EXERCISE » Your task is to write out the complete listing exactly as it is shown.
::: RECORDS PROVIDED :::
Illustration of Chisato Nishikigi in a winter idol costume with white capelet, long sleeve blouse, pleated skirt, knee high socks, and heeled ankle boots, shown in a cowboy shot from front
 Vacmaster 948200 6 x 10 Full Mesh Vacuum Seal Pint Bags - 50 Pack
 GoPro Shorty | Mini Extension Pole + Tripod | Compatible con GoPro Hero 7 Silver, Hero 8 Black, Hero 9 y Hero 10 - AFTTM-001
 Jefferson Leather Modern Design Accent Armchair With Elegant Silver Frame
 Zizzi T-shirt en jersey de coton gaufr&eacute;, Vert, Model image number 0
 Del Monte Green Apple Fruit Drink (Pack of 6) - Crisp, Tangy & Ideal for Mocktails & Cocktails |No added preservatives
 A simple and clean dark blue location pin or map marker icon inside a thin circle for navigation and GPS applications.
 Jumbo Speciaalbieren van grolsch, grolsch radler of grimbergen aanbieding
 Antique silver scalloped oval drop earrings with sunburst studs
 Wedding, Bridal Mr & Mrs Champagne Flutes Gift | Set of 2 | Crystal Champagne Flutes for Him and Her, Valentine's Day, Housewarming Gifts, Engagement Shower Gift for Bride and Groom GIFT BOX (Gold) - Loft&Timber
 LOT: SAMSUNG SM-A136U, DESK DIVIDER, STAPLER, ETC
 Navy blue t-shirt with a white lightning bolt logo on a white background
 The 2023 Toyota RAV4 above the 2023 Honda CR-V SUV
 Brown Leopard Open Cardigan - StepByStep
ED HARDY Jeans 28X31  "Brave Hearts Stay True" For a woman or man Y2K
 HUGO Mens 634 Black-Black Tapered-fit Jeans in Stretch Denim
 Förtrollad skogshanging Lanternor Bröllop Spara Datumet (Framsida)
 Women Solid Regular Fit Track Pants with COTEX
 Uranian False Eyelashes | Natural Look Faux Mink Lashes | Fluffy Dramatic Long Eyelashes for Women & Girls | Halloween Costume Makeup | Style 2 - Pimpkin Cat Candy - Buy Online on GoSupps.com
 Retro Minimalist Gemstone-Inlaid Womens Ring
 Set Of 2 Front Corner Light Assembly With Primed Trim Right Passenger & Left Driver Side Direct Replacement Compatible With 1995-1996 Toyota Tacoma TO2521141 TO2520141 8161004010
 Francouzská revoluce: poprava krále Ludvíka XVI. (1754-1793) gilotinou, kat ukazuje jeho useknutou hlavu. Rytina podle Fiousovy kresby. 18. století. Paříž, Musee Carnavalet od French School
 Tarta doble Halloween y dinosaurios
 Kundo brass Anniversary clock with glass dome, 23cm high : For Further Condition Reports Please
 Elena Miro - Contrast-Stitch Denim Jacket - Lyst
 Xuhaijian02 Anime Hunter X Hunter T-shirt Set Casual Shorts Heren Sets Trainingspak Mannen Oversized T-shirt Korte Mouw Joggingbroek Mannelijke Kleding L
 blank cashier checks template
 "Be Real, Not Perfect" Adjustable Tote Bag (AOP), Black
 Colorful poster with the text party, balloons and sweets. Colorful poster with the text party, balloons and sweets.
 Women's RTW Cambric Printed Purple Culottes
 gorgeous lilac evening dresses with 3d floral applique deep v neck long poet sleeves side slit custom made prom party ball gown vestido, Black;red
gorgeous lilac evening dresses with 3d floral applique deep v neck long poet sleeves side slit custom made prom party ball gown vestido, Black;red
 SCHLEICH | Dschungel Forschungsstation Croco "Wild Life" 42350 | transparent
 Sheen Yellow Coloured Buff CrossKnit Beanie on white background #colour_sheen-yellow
:::
REPLY »
Illustration of Chisato Nishikigi in a winter idol costume with white capelet, long sleeve blouse, pleated skirt, knee high socks, and heeled ankle boots, shown in a cowboy shot from front
 Vacmaster 948200 6 x 10 Full Mesh Vacuum Seal Pint Bags - 50 Pack
 GoPro Shorty | Mini Extension Pole + Tripod | Compatible con GoPro Hero 7 Silver, Hero 8 Black, Hero 9 y Hero 10 - AFTTM-001
 Jefferson Leather Modern Design Accent Armchair With Elegant Silver Frame
 Zizzi T-shirt en jersey de coton gaufr&eacute;, Vert, Model image number 0
 Del Monte Green Apple Fruit Drink (Pack of 6) - Crisp, Tangy & Ideal for Mocktails & Cocktails |No added preservatives
 A simple and clean dark blue location pin or map marker icon inside a thin circle for navigation and GPS applications.
 Jumbo Speciaalbieren van grolsch, grolsch radler of grimbergen aanbieding
 Antique silver scalloped oval drop earrings with sunburst studs
 Wedding, Bridal Mr & Mrs Champagne Flutes Gift | Set of 2 | Crystal Champagne Flutes for Him and Her, Valentine's Day, Housewarming Gifts, Engagement Shower Gift for Bride and Groom GIFT BOX (Gold) - Loft&Timber
 LOT: SAMSUNG SM-A136U, DESK DIVIDER, STAPLER, ETC
 Navy blue t-shirt with a white lightning bolt logo on a white background
 The 2023 Toyota RAV4 above the 2023 Honda CR-V SUV
 Brown Leopard Open Cardigan - StepByStep
ED HARDY Jeans 28X31  "Brave Hearts Stay True" For a woman or man Y2K
 HUGO Mens 634 Black-Black Tapered-fit Jeans in Stretch Denim
 Förtrollad skogshanging Lanternor Bröllop Spara Datumet (Framsida)
 Women Solid Regular Fit Track Pants with COTEX
 Uranian False Eyelashes | Natural Look Faux Mink Lashes | Fluffy Dramatic Long Eyelashes for Women & Girls | Halloween Costume Makeup | Style 2 - Pimpkin Cat Candy - Buy Online on GoSupps.com
 Retro Minimalist Gemstone-Inlaid Womens Ring
 Set Of 2 Front Corner Light Assembly With Primed Trim Right Passenger & Left Driver Side Direct Replacement Compatible With 1995-1996 Toyota Tacoma TO2521141 TO2520141 8161004010
 Francouzská revoluce: poprava krále Ludvíka XVI. (1754-1793) gilotinou, kat ukazuje jeho useknutou hlavu. Rytina podle Fiousovy kresby. 18. století. Paříž, Musee Carnavalet od French School
 Tarta doble Halloween y dinosaurios
 Kundo brass Anniversary clock with glass dome, 23cm high : For Further Condition Reports Please
 Elena Miro - Contrast-Stitch Denim Jacket - Lyst
 Xuhaijian02 Anime Hunter X Hunter T-shirt Set Casual Shorts Heren Sets Trainingspak Mannen Oversized T-shirt Korte Mouw Joggingbroek Mannelijke Kleding L
 blank cashier checks template
 "Be Real, Not Perfect" Adjustable Tote Bag (AOP), Black
 Colorful poster with the text party, balloons and sweets. Colorful poster with the text party, balloons and sweets.
 Women's RTW Cambric Printed Purple Culottes
 gorgeous lilac evening dresses with 3d floral applique deep v neck long poet sleeves side slit custom made prom party ball gown vestido, Black;red
gorgeous lilac evening dresses with 3d floral applique deep v neck long poet sleeves side slit custom made prom party ball gown vestido, Black;red
 SCHLEICH | Dschungel Forschungsstation Croco "Wild Life" 42350 | transparent
 Sheen Yellow Coloured Buff CrossKnit Beanie on white background #colour_sheen-yellow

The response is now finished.